The Marian Shrine of Gratitude in Toronto. Register file photo/Angie Carboni

A crying shame to lose this Marian Shrine

  • September 8, 2023

Have you ever visited Toronto’s unique and beautiful outdoor Marian Shrine of Gratitude? If you haven’t, you’ve missed a real treasure — and if you have, you know what a jewel it truly is. Either way, the Shrine needs you to help save it!

Located behind the shuttered St. Basil’s High School and priests’ residence at 3100 Weston Rd., North York (just north of the 401), the Shrine had ample parking and was open 24/7/365 to all who wished to pray and reflect, and — of course — give thanks. The stepped refuge was a labour of love created by Ukrainian priest, Fr. Basil Cembalista, after Our Lady cured his eye that had been injured in a yard work accident. Other documented healings helped to keep a steady stream of pilgrims visiting at all hours of the day and night.

Ever since 2005, Torontonians of every stripe (including plenty of non-Catholics) found solace in the cozy garden and statuary with both indoor and outdoor altars for Holy Mass. An overhang allowed the little oratory building to be used in inclement weather. In December, the hill always came alive with Christmas lights for cold, wintry evenings. Maintained entirely by volunteers, there never seemed to be a time when there weren’t at least two or three people taking advantage of the peace and quiet. Silence was encouraged within the perimeter of the shrine proper. Whenever I was anywhere near, I always stopped in and found myself spending way too much time there, lost in the reverie it evokes.
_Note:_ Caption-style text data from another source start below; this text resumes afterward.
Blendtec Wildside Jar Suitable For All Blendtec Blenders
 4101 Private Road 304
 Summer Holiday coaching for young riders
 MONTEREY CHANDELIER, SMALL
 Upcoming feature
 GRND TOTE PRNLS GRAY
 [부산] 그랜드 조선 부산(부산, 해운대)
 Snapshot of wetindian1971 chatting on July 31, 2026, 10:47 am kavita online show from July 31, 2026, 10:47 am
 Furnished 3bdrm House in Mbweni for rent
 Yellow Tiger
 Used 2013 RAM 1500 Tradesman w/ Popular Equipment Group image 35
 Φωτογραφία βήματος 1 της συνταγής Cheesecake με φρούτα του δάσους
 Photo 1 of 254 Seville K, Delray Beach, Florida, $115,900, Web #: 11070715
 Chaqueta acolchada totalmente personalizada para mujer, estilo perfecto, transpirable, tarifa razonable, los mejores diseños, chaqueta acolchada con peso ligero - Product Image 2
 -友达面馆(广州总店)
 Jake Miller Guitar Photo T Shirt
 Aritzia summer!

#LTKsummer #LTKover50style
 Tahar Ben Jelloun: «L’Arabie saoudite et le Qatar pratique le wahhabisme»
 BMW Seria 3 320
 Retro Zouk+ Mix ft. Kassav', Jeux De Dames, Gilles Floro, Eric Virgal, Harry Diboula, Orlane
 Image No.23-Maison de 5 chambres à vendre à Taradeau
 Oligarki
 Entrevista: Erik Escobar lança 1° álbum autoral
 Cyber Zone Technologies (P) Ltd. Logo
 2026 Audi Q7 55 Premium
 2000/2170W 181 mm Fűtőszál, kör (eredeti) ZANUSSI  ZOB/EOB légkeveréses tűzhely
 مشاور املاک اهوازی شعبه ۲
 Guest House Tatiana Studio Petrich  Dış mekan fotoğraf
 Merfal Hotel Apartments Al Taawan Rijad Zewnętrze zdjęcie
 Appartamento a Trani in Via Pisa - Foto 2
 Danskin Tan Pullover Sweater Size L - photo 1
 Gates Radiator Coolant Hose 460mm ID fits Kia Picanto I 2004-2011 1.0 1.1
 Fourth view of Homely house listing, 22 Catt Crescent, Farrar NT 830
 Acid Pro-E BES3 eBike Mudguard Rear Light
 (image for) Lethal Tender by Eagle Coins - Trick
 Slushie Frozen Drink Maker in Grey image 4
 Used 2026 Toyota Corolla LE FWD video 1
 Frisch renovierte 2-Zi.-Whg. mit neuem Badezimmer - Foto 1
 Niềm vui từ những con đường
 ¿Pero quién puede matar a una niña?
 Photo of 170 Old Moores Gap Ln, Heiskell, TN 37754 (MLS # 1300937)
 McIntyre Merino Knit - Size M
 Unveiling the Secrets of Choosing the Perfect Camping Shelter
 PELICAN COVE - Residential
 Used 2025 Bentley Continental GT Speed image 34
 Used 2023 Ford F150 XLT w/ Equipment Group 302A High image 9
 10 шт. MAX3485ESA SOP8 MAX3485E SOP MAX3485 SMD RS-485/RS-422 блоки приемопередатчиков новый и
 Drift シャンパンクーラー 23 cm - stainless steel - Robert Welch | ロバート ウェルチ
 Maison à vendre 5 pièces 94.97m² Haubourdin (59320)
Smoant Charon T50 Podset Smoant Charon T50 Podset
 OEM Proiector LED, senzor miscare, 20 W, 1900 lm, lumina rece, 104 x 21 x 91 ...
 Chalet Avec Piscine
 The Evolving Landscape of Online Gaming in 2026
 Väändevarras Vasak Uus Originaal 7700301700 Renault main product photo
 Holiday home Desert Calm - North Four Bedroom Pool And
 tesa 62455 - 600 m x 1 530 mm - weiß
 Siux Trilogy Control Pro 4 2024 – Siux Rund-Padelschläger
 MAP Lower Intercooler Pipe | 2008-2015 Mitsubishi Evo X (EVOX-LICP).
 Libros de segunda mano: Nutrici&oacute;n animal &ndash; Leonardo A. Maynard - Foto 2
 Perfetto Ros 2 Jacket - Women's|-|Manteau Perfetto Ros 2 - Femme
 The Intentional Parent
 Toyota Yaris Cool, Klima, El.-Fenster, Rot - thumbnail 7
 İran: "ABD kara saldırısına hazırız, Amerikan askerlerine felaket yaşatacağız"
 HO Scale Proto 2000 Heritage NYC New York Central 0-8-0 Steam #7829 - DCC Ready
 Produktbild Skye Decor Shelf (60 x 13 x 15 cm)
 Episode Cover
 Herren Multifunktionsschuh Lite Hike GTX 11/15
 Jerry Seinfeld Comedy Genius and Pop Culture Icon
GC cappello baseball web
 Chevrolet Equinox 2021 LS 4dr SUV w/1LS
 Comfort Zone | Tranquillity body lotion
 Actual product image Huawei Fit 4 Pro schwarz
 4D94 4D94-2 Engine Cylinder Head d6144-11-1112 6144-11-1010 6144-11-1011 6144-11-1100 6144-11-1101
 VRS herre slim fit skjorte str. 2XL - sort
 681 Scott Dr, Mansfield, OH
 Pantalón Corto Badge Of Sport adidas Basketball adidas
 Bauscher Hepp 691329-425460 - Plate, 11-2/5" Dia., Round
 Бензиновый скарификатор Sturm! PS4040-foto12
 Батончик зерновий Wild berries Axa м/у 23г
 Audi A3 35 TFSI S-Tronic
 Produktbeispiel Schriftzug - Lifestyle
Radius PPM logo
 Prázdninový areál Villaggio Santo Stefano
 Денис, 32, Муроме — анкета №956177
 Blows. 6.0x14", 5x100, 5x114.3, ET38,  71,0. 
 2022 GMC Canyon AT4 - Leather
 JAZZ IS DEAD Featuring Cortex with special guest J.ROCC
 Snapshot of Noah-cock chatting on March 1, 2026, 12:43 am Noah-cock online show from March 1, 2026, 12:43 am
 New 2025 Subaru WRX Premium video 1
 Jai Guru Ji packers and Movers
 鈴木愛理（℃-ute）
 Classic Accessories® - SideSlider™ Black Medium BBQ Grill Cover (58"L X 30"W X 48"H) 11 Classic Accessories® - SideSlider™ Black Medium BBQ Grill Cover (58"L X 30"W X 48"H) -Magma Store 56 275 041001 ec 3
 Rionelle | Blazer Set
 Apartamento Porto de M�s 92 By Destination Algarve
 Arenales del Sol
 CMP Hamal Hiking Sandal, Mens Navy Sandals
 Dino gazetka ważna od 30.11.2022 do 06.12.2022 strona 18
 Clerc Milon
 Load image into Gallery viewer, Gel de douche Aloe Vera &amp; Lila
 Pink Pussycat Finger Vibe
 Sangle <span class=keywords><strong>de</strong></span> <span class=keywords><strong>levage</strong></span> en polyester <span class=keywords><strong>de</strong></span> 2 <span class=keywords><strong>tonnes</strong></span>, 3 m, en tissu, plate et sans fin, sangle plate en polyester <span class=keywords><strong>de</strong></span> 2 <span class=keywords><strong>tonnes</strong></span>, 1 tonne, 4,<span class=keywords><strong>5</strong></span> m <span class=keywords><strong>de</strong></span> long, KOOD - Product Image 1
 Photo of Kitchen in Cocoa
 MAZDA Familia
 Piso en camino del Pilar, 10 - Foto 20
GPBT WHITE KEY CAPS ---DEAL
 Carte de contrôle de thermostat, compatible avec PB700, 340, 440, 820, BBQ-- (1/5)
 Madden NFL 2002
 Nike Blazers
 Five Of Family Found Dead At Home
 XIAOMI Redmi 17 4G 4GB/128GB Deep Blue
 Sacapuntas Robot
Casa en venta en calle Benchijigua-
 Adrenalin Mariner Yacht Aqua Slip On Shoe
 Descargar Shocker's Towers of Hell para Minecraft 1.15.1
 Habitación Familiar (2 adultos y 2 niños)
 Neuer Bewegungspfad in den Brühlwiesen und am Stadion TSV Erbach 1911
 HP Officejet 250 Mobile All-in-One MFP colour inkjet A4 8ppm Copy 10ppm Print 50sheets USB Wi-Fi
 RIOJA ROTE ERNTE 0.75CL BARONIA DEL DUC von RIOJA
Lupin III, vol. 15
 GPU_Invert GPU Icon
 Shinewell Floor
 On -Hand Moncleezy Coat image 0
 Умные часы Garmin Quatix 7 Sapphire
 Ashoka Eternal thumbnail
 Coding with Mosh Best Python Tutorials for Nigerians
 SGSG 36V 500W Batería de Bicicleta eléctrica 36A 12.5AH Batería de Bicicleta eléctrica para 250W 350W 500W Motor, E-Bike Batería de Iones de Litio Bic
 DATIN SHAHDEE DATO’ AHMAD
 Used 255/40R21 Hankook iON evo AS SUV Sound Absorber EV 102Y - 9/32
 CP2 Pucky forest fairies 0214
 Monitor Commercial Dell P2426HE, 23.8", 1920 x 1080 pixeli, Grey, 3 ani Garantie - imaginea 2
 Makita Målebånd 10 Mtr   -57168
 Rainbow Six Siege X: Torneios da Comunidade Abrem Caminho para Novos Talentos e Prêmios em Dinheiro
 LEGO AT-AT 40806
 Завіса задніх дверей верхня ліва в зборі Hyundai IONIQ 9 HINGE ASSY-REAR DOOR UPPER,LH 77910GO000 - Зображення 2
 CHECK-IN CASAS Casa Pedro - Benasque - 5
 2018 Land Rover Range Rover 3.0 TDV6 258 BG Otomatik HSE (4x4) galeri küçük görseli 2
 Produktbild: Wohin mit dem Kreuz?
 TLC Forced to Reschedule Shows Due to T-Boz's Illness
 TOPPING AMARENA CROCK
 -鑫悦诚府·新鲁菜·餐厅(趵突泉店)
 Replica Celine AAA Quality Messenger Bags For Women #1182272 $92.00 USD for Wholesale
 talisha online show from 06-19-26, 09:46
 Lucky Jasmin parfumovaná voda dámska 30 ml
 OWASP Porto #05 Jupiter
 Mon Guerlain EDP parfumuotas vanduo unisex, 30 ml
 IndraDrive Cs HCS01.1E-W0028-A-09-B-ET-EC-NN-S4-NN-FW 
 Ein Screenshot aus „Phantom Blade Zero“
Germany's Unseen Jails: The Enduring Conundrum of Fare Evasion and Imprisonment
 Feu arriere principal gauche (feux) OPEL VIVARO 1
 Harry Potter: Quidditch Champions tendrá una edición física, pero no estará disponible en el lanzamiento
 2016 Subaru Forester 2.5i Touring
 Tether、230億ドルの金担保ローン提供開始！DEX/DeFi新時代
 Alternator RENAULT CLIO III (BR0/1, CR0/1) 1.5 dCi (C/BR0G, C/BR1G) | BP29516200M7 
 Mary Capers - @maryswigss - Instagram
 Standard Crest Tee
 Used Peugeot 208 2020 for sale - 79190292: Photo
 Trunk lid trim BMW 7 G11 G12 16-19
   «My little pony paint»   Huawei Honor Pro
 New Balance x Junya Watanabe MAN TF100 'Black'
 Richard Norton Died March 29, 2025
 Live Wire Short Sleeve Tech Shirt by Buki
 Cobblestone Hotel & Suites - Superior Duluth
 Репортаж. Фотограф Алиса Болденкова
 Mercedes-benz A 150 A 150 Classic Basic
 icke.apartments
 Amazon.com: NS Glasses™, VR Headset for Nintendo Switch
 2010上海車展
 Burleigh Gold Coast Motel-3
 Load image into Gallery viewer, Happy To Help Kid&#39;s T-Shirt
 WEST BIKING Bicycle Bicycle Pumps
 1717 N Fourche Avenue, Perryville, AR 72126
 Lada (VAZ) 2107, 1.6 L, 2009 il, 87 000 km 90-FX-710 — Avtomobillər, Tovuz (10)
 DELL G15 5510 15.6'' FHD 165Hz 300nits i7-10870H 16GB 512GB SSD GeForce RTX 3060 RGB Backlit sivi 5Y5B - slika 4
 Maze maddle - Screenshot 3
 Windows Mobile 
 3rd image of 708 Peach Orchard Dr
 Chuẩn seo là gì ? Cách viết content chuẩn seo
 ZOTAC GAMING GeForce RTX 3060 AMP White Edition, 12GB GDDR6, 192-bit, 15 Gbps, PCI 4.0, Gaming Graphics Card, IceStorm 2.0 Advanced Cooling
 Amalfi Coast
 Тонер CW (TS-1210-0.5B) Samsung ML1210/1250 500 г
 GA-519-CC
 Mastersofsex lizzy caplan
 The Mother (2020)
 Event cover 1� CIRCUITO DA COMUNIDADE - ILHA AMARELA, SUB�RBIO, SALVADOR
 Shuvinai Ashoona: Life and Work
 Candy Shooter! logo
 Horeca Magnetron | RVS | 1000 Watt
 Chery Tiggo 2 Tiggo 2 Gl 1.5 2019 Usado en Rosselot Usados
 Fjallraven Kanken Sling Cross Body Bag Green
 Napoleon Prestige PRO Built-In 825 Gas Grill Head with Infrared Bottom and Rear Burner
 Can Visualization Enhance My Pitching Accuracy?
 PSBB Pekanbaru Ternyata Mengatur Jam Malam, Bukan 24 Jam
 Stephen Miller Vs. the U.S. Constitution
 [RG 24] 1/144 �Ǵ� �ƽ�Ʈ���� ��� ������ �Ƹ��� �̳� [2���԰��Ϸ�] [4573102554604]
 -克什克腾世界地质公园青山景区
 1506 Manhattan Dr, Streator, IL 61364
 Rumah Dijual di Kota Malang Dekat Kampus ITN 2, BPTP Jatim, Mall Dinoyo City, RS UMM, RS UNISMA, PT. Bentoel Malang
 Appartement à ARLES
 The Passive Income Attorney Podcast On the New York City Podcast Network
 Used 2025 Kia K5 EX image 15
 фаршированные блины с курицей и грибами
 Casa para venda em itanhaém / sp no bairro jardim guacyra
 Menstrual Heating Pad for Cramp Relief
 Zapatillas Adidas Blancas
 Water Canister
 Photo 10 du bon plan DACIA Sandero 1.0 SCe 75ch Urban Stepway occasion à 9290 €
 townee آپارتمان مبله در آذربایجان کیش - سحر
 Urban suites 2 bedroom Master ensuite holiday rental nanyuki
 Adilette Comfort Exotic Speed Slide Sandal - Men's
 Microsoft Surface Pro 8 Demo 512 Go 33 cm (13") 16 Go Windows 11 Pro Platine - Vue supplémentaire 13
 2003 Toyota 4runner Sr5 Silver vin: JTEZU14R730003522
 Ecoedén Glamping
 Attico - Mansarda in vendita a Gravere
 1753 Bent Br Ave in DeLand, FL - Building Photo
Beyond the loveliness of the Shrine itself, this heavenscape overlooks the Humber Valley Pond, Humber River and Humber River Recreational Trail, with a vast grassy area for picnics and sports. Loads of school kids frequented the Shrine for field trips, retreat days and catechesis. The late auxiliary bishop of Toronto, Pearse Lacey, was a friend of the Shrine and stopped by often; Cardinal Thomas Collins offered Mass there.

Why am I speaking of the Shrine in the past tense? Unfortunately, it was very recently closed. The Ukrainian Basilian Fathers are no longer utilizing the property and decided to sell it. However, not all hope is lost quite yet! A petition filed in 2020 to designate the Shrine area of the property as a Heritage Site so as to be protected by the Ontario Heritage Act will be considered this fall. (You can e-mail or call, 416-392-4666 or the City Clerk’s Office 416-392-8016 to demonstrate the amount of interest in this blessed place.) Why is the location historical? Providentially, this parcel of land is the former Gardiner (yes, that Gardiner) family summer resort. In fact, a portion of the Shrine was built on top of the family’s sunken swimming pool.

Not only are pilgrims and devotees championing to preserve the Shrine, local politicians are also getting involved: Former MP and present publisher of the Corriere Canadese, Joe Volpe; Councilman Anthony Perruzza, MPP Tom Rakocevic and others. The Toronto Catholic District School Board made a unanimous motion that the Shrine should not be torn down. Several entrepreneurs and developers have offered various plans. They see no reason why the Shrine can’t be preserved and kept open to the public with proper egress, while the surrounding area is repurposed according to the new owner’s wishes.

What else can you do? Every evening at  8 p.m., seven days a week, the faithful gather to pray peacefully at the fence that is now preventing entrance to the Shrine. If you can’t make it once or twice a week to be physically present, why not pray the Rosary at home? I’ve set an alarm on my phone. Pray to St. Michael, patron of the Archdiocese of Toronto. A large image of the Archangel watches over the complex. Pray to Our Lady herself! September is a month chock-full of Marian feast days: Sept. 8 (Nativity of the Blessed Virgin Mary), Sept. 12 (Presentation of Mary), Sept. 15 (Our Lady of Sorrows).

Every city should have an always-open outdoor Catholic shrine such as the Marian Shrine of Gratitude, and it would be a crying shame for Toronto to lose ours. Please spread the word and do what you can to help save the Marian Shrine of Gratitude!